With that continuing spirit of Opening Day, let's get to the trots!

Home Run of the Day: Kila Ka'aihue, Kansas City Royals – 19.53 seconds [video]
It can get really easy sometimes to just throw the night's walkoff blast here as the Home Run of the Day. It's awful hard to have a bigger, more important blast than a walkoff, after all. I try not to be blindly devoted to the walkoff, though. Last night, for example, Toronto's J.P. Arencibia hit two home runs in Toronto's Opening Day game (22.59 and 22.67 seconds) – and he's still a rookie! Another rookie, San Francisco's much-touted Brandon Belt, hit his first career home run down in Dodger Stadium (21.43 seconds). John Buck (21.38 seconds) and Neil Walker (21.97 seconds) both hit Opening Day grand slams as well, while Chicago's Carlos Quentin (24.1 seconds) and Cleveland's Carlos Santana (21.68 seconds) both had their home runs reviewed after hitting bombs to the same part of Progressive Field (they each maintained a steady trot, so their times count).

But, no matter how impressive those shots were, I can't give the Home Run of the Day to anyone other than Kila Ka'aihue. With the Royals tied at one with the Angels after a strong start from Los Angeles' Dan Haren, Kila led off the bottom of the ninth with a huge blast to right-centerfield. The stadium was so loud and raucous that the television camera following him down the third-base line was shaking. He also managed to turn in a great trot time of 19.53 seconds.

Slowest Trot: David Ortiz, Boston Red Sox – 25.82 seconds [video]
If you read the Tater Trot Tracker at all last year, then there's one thing that you know more than anything else: David Ortiz has a very special way of running out his trots. Ten of the fourteen slowest trots of 2010 were at the lumbering feet of Big Papi. So when he hit his first home run of the year on Opening Day and continued his slow-moving ways so convincingly, I couldn't help but smile. There were a few other 24-second trots on Friday, but only Papi put up anything over 25-seconds, let alone pushing 26-seconds. I can't wait to see what he brings the rest of the season.

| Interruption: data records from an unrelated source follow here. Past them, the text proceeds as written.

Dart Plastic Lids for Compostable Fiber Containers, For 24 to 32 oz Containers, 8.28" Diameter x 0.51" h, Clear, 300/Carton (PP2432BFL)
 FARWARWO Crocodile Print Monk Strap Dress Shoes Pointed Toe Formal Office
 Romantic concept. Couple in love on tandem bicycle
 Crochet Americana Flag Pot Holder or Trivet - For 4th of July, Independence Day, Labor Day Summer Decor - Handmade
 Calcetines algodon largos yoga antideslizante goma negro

Quickest Trot: Ben Zobrist, Tampa Bay Rays – 18.7 seconds [video]
There were a number of good, solid quick trots in Friday's games, but the quickest belongs, without a doubt, to the great Tampa Bay Zorilla. His first-pitch, rightfield blast was the only trot to clock in at in the 18-second range. The next quickest trot also came from the state of Florida, where the Marlins' Logan Morrison scooted around the base in 19.09 seconds.